We studied the tunneling aspects of PPTP in Chapter 4, where we viewed it as a type of remote access server that doesn't require expensive capital expenditures on modem banks and telco lines. As we mentioned, users view PPTP primarily as a VPN technology—they perceive its main benefit as secure communications. In this section, we take a brief look at PPTP's VPN properties.
If we reexamine the PPTP message types, we see that none of them deals with encryption or authentication. That's because PPTP really is a tunneling protocol, not a VPN protocol. PPTP relies on the underlying PPP protocol for its encryption and authentication services: In practice, that means Microsoft's Microsoft Point-to-Point Encryption (MPPE) [Pall and Zorn 2001] and Microsoft Challenge Handshake Authentication Protocol (MS-CHAP) [Zorn and Cobb 1998].

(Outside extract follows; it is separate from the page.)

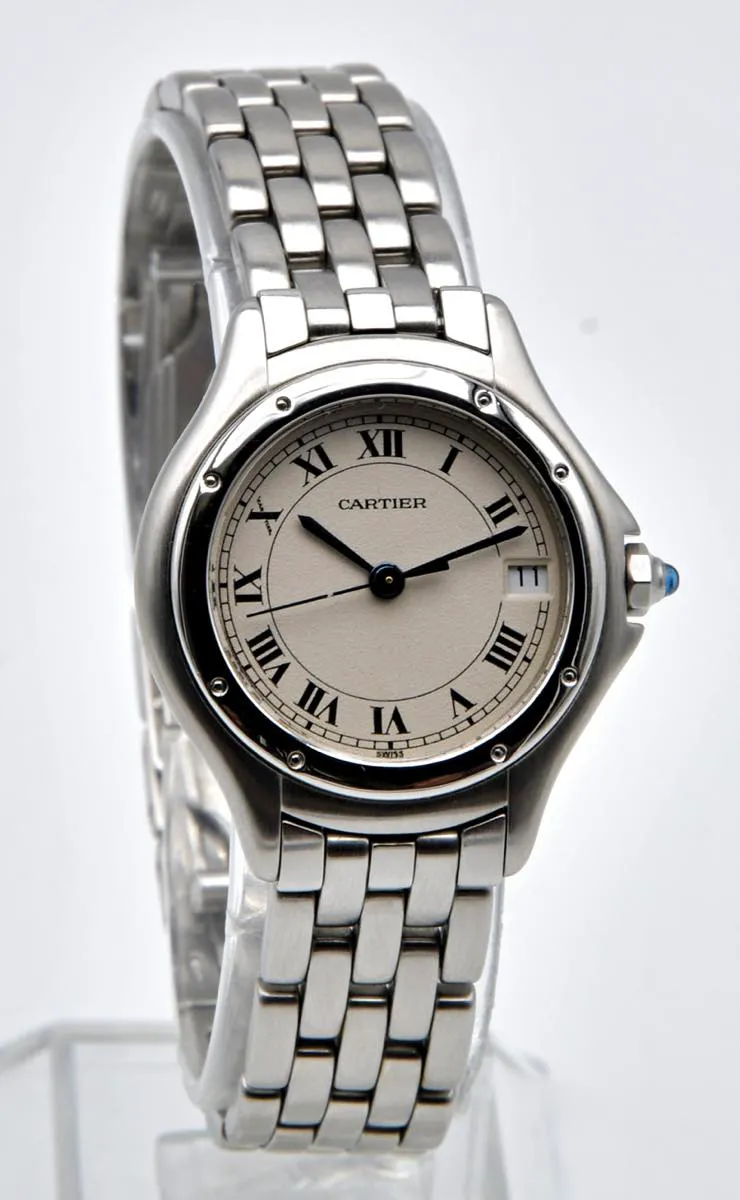 Cartier Cougar 987906 26mm Stainless steel White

At first glance, these seem like reasonable cryptographic protocols. MPPE uses RC4, which we saw and remarked on in Chapter 3. MS-CHAP is Microsoft's version of PPP CHAP, a typical challenge/response protocol. Unfortunately, Microsoft's implementation of these protocols has several problems.
The MS-CHAPv1 protocol has several weaknesses that make recovery of the user's password comparatively easy using a dictionary attack. MS-CHAPv2 fixes the worst of these weaknesses but is still susceptible to an attack where a dictionary of N trial passwords can be checked at a cost of about N/216 attempts and some precomputation.
The version of MPPE used with MS-CHAPv1 has a fatal flaw: It uses the same RC4 key for both the PAC and PNS, resulting in reuse of the key stream. As we saw in Chapter 3, this leads directly to the recovery of both plaintext streams. With MSCHAPv2, Microsoft changed MPPE to avoid the key stream reuse, but serious problems remain. The main problem is that the RC4 session keys are derived in a deterministic way from the user's password and information passed in the clear. Thus, the keys have the same entropy as the password instead of the 128 bits that a randomly generated session key would have. Because user passwords are generally low entropy and, with MSCHAP, susceptible to a particularly effective dictionary attack, PPTP cannot be considered to have robust encryption.
Finally, there is no per packet authentication. This means that various bit-flipping attacks are possible on the encrypted data.
We can "flip," or change, any bit without detection when using RC4 and similar stream ciphers. If we know that a certain bit in a message is important for some reason, we can easily change it. Suppose, for example, that we know that the most significant bit of byte X in a message enables certain features that make it more difficult for an attacker to compromise the security of the system. If we know that the bit is turned on, we can turn it off by merely exclusive-ORing 0x80 with byte X of the ciphertext. Note that we don't have to know the encryption key or even the plaintext value of byte X to do this: only that we want to change the most significant bit. It's easy to see how we can generalize this to alter larger units of data if we know their plaintext values and positions in the data stream.
The PPP control protocols, such as LCP, are particularly vulnerable, and it may be possible to convince the client and server to use the older MS-CHAPv1 protocol, resulting in fairly easy user password recovery and compromise of the RC4 cipher stream.
The fact that MS-CHAPv2 considerably strengthened the Microsoft version of PPTP notwithstanding, almost all experts recommend against using PPTP. The specifics of the MS-CHAP and MPPE weaknesses are detailed in [Schneier and Mudge 1998] and [Schneier, Mudge, and Wagner 1999].
The weaknesses we have been discussing are specific to the Microsoft implementation, of course, but this implementation is the preponderant one. Virtually all other PPTP implementations are written to interoperate with Microsoft's, so they are likely to share the same weaknesses.